I hate to say it. I hate to even think it because thoughts become words become reality. I hate to say things that would hurt the people I love or once loved, and you fall into both categories, and this would hurt you. But it’s true. So I’ll say it to myself, here, where no one has to see. And no one will get hurt.
R——, you were holding me back. I could never live my life as fully as I desired, not my writing, not my music, nor my sport, nor my work, you kept me from my passions with your incessant pleas for time and attention and affection.
You kept me from becoming more than I was, perhaps, in part, because you knew if I flew too high I would spot lush green fields and soft, running streams of water, I would stop for a sip and become entranced by a field of flowers, their shapes and colors and aromas, the flowers in the field where I’d land, and I would fall under their spell and fall asleep, and when I woke, it would be dark and I would choose to spend the night.

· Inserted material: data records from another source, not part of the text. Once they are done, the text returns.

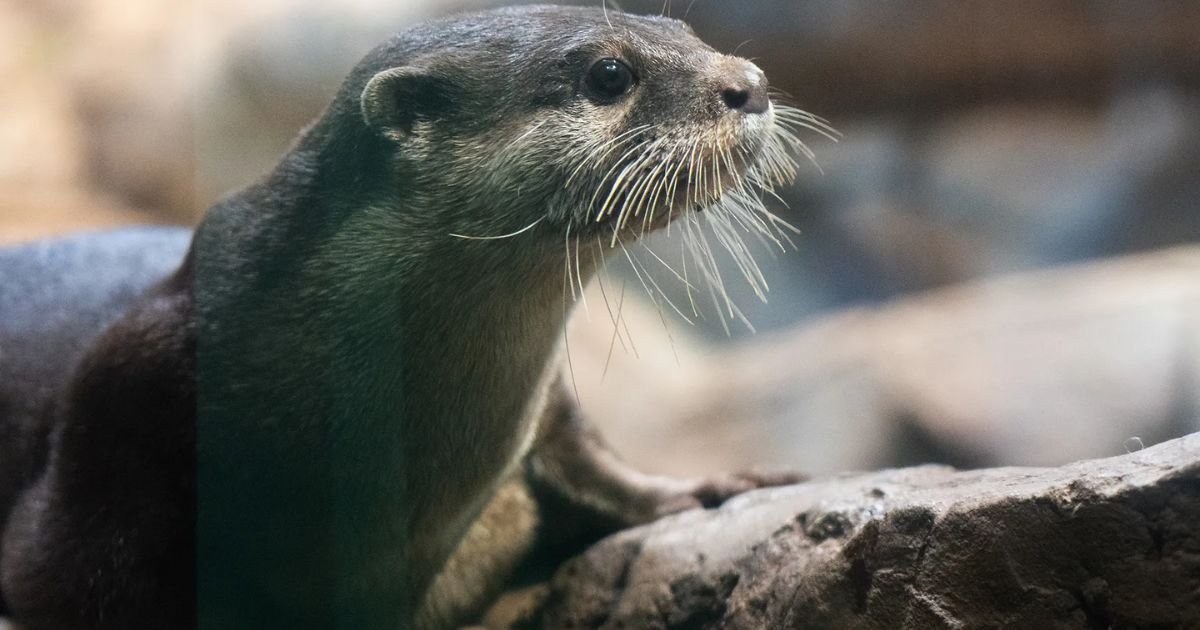 The Significance of Naming an Otter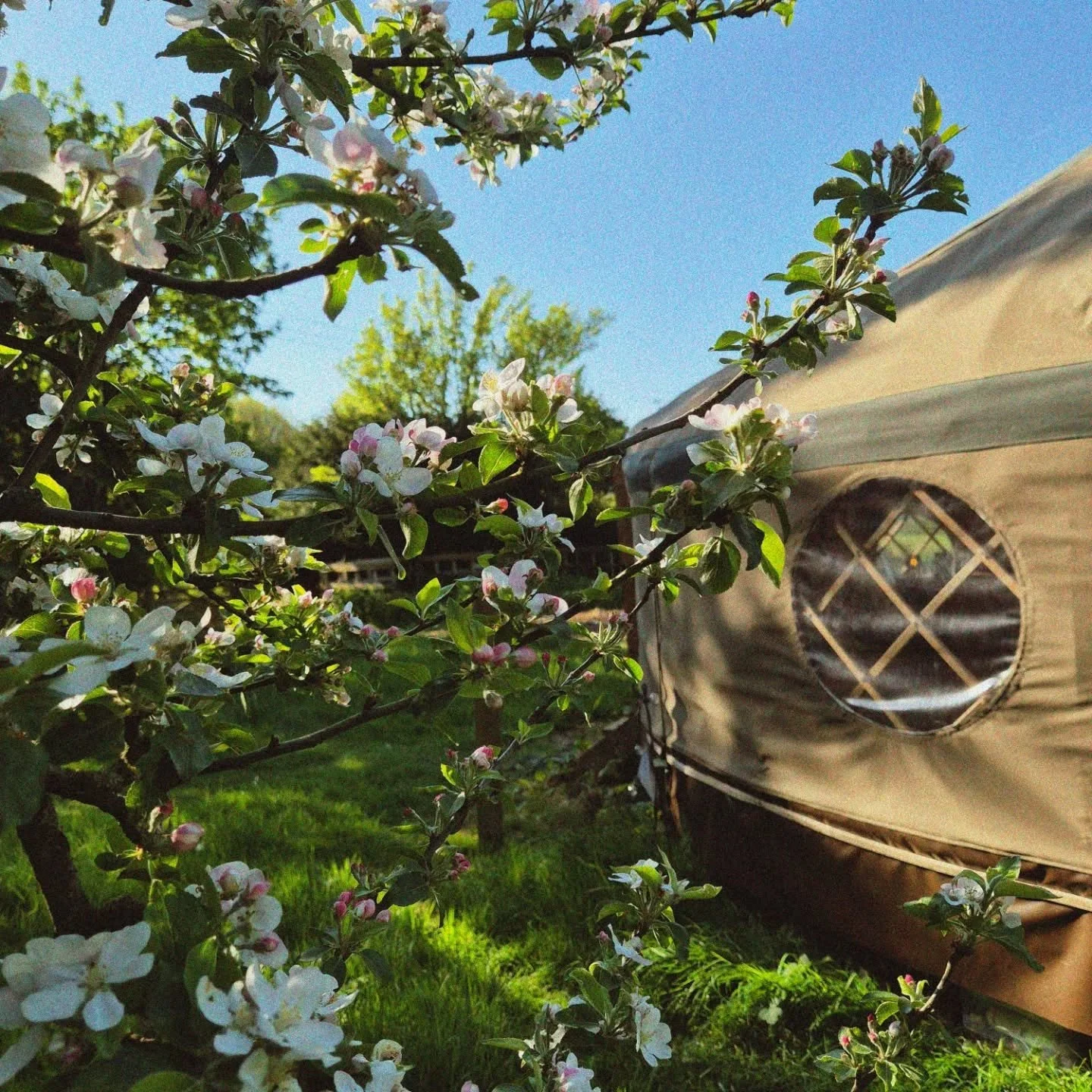 At Beltane, the earth is alive and eros is in the air. 

The fae dance around the Hawthorn, 
beckoning us to loosen our grip,
to slip into a sweet spell,
to become intoxicated 
by the beauty of nature in bloom.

“I’ll fly back to R—— in the morning,” I’d think. But in the morning the light of the sun would glance off forests and mountains in the distance, and the flowers would whisper of deserts and oceans, and I would take just a peek! over the horizon and catch sight of beauties indescribable, they would suck me in and absorb me, and quickly, all too quickly, I would forget I had a sunflower at home, a bright, cheerful, lonely little thing, abandoned forever.
That’s what you thought would happen if I flew. So I clipped my wings for you.




Wow this was very earnest and heartfelt. Beautiful.